I bought one to use on my Dewalt 20 volt drill. 

Holy cow! 3 lbs and worked like a champ. 

Anyone want to buy a 80 lbs jiffy gas auger?


----------



## taxidermist (Sep 11, 2007)

Iron Bear said:


> I bought one to use on my Dewalt 20 volt drill.
> 
> Holy cow! 3 lbs and worked like a champ.
> 
> Anyone want to buy a 80 lbs jiffy gas auger?

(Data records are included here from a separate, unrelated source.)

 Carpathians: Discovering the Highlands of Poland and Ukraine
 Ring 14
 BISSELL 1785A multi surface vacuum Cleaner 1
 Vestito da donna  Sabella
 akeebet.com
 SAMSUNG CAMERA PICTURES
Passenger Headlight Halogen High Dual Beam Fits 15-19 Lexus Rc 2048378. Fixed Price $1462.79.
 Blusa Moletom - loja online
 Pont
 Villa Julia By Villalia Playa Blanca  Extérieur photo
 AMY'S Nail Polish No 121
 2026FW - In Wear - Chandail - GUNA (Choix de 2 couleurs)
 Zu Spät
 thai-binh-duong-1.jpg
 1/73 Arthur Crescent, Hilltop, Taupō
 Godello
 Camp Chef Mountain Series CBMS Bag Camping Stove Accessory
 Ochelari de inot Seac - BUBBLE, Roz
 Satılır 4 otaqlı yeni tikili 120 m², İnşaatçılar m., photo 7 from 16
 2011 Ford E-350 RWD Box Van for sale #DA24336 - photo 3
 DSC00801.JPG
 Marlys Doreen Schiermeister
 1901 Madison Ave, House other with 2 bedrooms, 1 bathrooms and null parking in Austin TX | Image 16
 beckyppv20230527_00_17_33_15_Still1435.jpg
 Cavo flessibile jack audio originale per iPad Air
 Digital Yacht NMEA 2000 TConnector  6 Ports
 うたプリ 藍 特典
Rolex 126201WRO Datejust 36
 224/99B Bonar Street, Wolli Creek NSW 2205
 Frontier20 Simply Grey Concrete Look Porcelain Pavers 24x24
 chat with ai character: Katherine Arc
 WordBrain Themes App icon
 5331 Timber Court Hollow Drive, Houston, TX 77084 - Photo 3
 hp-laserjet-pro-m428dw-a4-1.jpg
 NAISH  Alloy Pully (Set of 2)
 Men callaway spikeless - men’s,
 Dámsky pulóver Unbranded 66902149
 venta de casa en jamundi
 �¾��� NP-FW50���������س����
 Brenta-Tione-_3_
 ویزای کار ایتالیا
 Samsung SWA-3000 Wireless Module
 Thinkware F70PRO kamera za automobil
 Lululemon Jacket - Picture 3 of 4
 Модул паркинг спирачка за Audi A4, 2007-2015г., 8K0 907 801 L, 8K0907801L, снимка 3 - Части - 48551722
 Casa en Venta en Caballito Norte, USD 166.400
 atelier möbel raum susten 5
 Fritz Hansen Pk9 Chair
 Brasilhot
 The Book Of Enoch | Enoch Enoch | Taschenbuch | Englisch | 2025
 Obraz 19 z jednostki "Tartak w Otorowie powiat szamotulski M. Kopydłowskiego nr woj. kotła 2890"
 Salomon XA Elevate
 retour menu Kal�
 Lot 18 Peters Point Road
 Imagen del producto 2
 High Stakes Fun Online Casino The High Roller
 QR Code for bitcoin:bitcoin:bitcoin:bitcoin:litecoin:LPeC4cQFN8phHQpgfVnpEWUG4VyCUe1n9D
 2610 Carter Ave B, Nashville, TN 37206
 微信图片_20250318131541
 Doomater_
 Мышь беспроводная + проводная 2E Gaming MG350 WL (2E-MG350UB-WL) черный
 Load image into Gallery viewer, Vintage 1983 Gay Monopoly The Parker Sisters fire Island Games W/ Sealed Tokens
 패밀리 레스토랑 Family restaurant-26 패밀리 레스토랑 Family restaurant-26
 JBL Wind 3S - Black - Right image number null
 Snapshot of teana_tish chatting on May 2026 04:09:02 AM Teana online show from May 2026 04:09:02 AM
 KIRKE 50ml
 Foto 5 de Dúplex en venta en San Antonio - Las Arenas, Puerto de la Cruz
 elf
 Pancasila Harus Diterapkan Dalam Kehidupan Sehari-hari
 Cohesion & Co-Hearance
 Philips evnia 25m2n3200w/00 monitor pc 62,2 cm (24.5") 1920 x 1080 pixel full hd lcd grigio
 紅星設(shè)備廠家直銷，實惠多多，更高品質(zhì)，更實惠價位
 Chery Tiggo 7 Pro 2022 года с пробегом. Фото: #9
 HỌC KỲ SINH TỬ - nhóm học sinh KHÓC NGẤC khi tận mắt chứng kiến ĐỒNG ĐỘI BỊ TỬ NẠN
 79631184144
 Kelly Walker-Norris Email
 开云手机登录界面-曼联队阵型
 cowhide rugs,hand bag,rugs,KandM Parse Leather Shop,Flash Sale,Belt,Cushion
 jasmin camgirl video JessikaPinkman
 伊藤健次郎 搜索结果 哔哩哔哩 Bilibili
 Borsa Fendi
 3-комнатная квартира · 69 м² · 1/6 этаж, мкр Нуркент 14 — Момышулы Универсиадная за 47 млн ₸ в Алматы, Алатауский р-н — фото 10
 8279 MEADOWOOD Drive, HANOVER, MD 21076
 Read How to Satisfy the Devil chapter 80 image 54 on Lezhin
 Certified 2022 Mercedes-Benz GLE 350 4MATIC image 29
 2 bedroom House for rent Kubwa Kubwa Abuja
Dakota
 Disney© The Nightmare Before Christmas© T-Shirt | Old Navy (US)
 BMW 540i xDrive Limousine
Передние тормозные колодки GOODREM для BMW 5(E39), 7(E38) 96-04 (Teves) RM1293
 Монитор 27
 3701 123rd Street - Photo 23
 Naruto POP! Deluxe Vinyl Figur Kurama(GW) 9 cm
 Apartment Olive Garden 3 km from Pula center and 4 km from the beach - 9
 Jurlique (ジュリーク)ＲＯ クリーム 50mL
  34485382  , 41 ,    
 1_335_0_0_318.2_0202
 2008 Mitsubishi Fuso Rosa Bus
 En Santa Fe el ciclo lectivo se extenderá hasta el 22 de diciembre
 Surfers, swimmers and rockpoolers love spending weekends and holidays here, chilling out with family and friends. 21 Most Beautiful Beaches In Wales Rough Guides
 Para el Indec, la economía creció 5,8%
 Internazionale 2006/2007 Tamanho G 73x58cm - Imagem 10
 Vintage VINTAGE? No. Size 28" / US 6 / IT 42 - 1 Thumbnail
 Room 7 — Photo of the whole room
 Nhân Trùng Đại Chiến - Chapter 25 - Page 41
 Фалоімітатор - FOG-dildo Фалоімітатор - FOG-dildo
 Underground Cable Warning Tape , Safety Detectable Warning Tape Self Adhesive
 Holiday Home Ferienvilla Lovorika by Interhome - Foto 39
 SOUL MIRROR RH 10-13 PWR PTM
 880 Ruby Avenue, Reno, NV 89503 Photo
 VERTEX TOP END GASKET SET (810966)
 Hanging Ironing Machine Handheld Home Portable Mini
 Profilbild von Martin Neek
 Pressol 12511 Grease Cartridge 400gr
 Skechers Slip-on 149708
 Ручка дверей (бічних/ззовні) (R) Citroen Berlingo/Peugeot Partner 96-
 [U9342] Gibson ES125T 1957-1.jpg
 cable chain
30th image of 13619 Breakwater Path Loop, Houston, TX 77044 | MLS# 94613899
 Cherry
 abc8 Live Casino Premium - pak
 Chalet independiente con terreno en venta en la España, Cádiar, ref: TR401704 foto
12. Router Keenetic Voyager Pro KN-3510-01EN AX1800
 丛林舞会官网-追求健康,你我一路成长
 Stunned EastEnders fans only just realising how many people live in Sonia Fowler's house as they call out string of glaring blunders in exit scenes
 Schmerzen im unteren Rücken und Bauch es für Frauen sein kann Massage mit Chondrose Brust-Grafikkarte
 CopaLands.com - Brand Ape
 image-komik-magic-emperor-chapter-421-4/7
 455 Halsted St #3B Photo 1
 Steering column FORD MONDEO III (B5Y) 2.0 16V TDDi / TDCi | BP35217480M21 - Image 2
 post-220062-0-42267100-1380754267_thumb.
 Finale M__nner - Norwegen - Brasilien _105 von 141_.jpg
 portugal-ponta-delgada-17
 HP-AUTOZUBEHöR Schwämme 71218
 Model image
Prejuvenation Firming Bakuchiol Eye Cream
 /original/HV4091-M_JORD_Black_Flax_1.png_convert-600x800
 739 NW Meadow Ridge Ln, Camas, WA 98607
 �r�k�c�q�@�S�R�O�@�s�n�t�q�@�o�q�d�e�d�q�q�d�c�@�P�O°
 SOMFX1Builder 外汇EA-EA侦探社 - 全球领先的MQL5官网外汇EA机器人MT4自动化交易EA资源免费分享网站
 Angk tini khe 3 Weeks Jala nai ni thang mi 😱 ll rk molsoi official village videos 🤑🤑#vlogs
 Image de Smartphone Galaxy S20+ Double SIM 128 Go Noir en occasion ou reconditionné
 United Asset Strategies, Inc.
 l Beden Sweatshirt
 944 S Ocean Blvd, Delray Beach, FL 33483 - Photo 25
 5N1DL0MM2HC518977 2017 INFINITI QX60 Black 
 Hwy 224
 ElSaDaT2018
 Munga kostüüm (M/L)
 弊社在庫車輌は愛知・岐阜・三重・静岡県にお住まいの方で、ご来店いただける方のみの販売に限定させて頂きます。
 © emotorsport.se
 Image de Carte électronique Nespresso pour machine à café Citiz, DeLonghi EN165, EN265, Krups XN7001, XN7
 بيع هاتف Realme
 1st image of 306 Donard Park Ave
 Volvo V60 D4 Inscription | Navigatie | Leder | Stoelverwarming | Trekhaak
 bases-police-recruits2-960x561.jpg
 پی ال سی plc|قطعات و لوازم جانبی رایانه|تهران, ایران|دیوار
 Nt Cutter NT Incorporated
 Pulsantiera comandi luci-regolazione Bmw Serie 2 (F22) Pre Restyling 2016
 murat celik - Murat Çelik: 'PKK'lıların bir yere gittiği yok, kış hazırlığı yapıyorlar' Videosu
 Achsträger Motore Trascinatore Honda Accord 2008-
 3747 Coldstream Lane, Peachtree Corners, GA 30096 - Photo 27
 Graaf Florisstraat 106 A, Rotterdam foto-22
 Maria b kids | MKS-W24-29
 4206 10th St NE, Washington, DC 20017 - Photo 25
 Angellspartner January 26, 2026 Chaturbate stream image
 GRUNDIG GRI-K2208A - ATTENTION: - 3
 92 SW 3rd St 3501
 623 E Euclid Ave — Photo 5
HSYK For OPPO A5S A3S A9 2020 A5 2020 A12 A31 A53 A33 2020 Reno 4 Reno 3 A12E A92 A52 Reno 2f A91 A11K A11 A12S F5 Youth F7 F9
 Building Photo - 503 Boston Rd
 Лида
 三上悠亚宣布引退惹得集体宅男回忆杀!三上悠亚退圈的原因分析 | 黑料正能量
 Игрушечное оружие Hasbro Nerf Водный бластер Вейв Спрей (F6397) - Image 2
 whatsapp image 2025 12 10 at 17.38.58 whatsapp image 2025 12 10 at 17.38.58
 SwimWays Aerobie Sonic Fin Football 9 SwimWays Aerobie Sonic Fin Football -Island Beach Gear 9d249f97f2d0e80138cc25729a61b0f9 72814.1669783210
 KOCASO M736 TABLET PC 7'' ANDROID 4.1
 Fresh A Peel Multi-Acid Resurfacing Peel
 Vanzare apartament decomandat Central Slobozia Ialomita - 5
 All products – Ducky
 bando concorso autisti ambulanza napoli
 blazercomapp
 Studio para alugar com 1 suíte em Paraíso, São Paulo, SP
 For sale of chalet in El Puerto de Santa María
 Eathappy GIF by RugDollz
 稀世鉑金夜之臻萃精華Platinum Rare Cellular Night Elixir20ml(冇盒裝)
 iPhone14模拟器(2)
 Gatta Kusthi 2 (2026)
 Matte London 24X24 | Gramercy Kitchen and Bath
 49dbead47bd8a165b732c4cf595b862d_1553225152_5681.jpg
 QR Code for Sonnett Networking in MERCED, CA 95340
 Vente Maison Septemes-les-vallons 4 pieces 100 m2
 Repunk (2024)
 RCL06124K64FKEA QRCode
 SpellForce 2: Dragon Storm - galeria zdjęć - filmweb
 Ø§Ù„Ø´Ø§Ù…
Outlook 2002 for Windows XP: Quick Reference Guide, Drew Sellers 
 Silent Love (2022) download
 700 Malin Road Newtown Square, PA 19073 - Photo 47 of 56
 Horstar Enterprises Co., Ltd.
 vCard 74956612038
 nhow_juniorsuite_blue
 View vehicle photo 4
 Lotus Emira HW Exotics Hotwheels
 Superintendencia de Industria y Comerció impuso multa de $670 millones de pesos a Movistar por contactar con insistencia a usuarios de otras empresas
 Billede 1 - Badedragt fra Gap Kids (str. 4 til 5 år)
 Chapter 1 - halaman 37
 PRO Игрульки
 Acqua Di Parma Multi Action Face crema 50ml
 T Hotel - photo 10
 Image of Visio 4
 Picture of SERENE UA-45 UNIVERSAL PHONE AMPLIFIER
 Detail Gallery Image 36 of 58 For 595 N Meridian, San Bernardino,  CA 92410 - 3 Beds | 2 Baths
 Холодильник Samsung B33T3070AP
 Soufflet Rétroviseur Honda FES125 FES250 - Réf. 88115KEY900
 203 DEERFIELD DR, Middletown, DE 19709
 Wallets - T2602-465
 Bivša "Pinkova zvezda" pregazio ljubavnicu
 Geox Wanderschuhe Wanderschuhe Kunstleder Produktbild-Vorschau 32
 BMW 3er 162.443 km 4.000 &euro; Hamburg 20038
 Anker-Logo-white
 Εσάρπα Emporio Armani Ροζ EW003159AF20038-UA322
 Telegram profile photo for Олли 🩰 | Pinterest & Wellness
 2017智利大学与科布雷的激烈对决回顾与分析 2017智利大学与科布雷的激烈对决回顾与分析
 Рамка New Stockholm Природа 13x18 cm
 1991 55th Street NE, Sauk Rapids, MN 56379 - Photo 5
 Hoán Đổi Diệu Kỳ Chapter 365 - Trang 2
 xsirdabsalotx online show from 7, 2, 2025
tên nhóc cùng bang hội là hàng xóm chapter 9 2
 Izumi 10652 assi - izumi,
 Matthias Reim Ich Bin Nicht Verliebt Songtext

Have one now and loooooooooooove it.

I drilled some holes for a few fellers that had the green ones. Their batterie went dead the second day out on the ice at FG.


----------



## johnrr65 (Nov 7, 2019)

taxidermist said:


> Have one now and loooooooooooove it.
> 
> I drilled some holes for a few fellers that had the green ones. Their batterie went dead the second day out on the ice at FG.


+1


----------



## Iron Bear (Nov 19, 2008)

Went out today with my pistol bit. I drilled about 144” on a 2 amp battery.


----------



## johnnycake (Jul 19, 2011)

Nice! I'd be curious to stack one of those up against my Nils augers I run with my DeWalt 20v. How many holes do you punch/inches cut before needing to change the blades?


----------